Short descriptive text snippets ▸
========

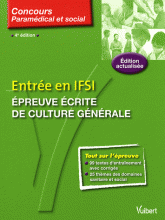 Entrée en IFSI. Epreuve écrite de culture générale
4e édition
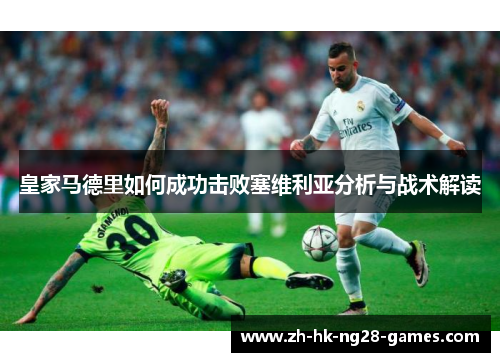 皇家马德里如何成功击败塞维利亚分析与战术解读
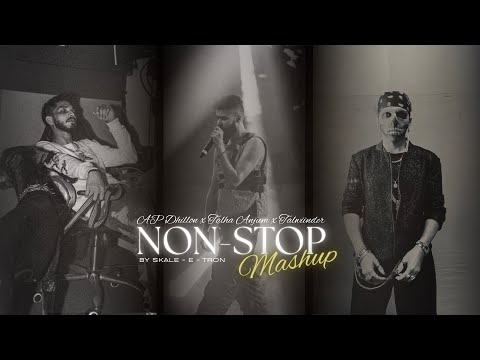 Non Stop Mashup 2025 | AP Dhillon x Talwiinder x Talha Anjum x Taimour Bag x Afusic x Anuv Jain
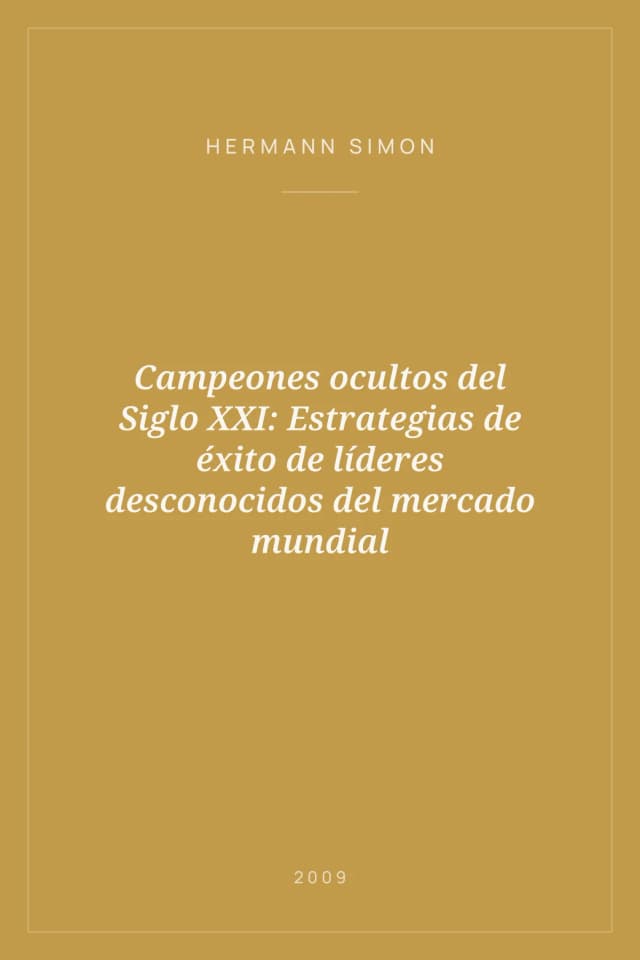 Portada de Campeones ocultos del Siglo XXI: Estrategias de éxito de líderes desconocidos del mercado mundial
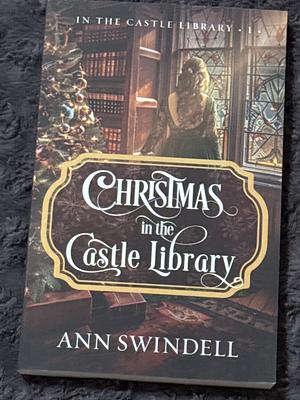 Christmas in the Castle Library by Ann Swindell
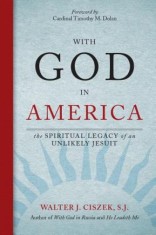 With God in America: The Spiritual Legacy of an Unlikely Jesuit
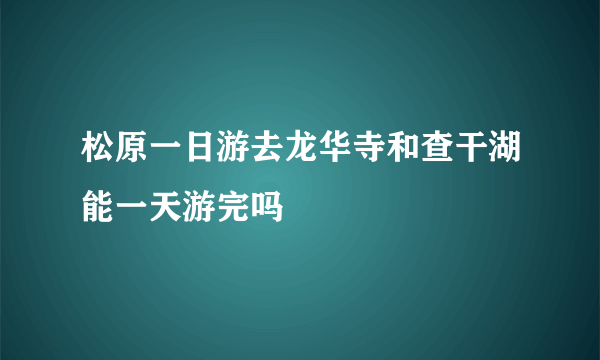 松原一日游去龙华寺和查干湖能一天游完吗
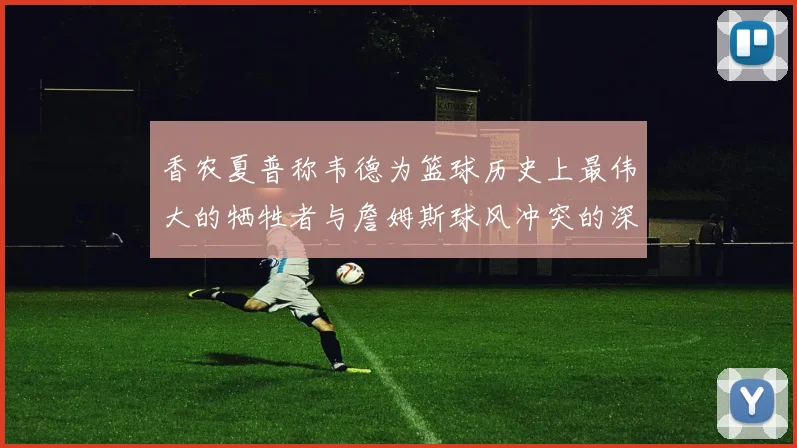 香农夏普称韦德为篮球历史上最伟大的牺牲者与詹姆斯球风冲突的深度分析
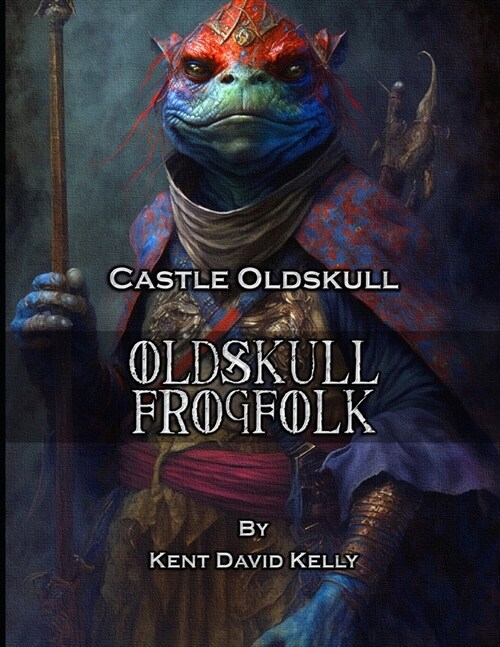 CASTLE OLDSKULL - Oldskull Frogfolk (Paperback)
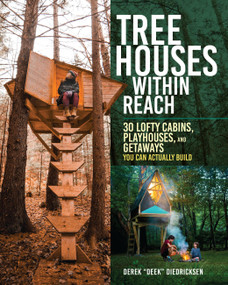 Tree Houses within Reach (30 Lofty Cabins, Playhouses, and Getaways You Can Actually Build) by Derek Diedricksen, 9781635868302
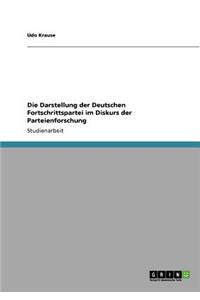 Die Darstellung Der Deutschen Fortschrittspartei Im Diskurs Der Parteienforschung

========

Assigned task ▸ The range to print runs from the line with "Christmas in the" through the last line of the entries, both included; keep it exact and skip the pictures.

Expected answer ▸
 Christmas in the Castle Library by Ann Swindell
 With God in America: The Spiritual Legacy of an Unlikely Jesuit
 松原一日游去龙华寺和查干湖能一天游完吗
 香农夏普称韦德为篮球历史上最伟大的牺牲者与詹姆斯球风冲突的深度分析
 CASTLE OLDSKULL - Oldskull Frogfolk (Paperback)
 Tree Houses within Reach (30 Lofty Cabins, Playhouses, and Getaways You Can Actually Build) by Derek Diedricksen, 9781635868302
 Die Darstellung Der Deutschen Fortschrittspartei Im Diskurs Der Parteienforschung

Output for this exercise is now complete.